[What the exercise asks]: Ignoring every picture, return the lines of the listing below word for word, from the line that holds "影像PPT - 【PPT】胎儿磁共振检查技术-31" through the line that holds "Histone H2B (Butyryl-K20)".

[Records for processing]:
-- Opening Marker --
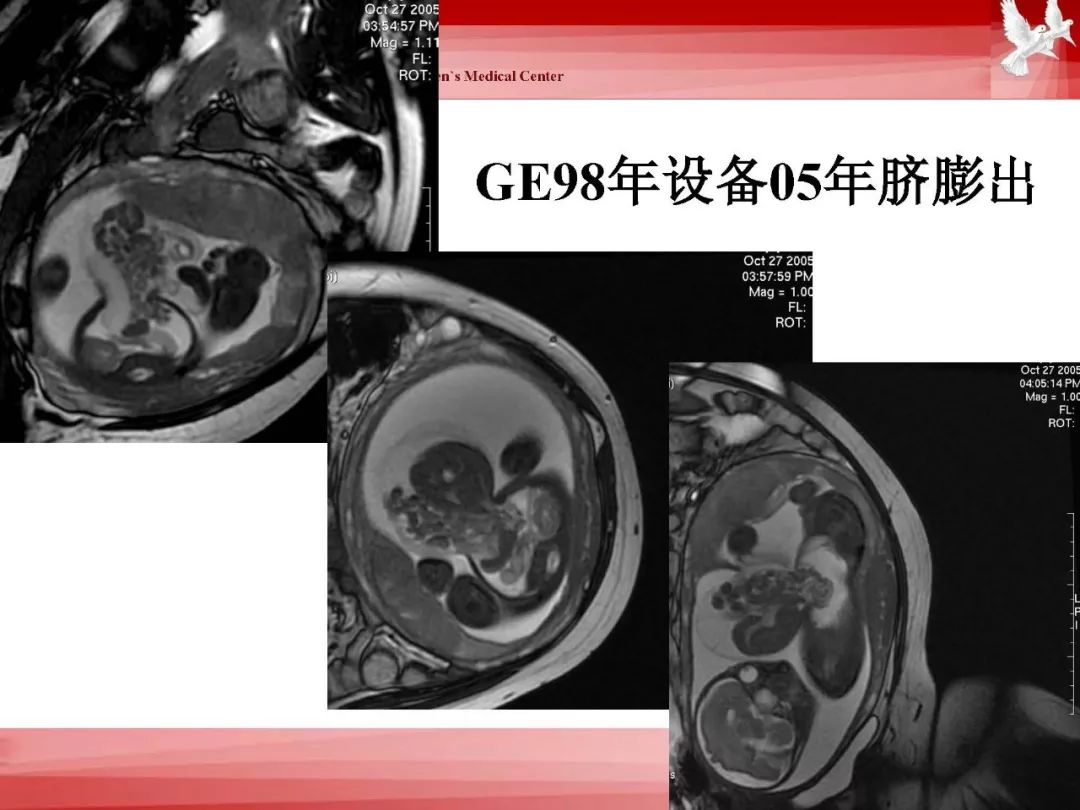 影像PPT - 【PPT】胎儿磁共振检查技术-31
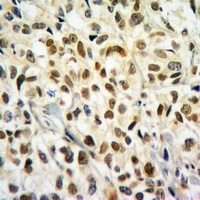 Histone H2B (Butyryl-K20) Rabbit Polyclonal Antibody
-- Closing Marker --
-- Opening Marker --
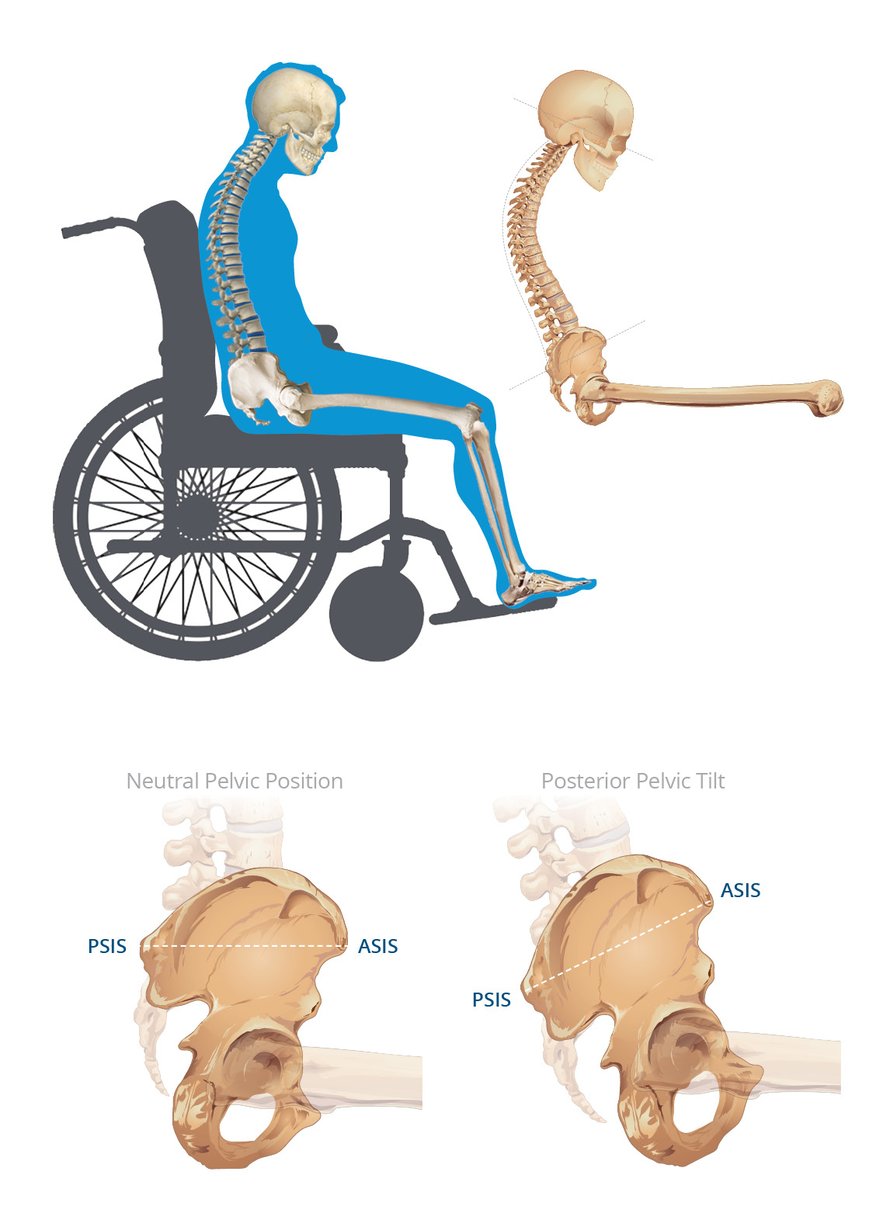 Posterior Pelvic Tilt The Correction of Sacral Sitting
-- Closing Marker --
[Result for this exercise]:
 影像PPT - 【PPT】胎儿磁共振检查技术-31
 Histone H2B (Butyryl-K20) Rabbit Polyclonal Antibody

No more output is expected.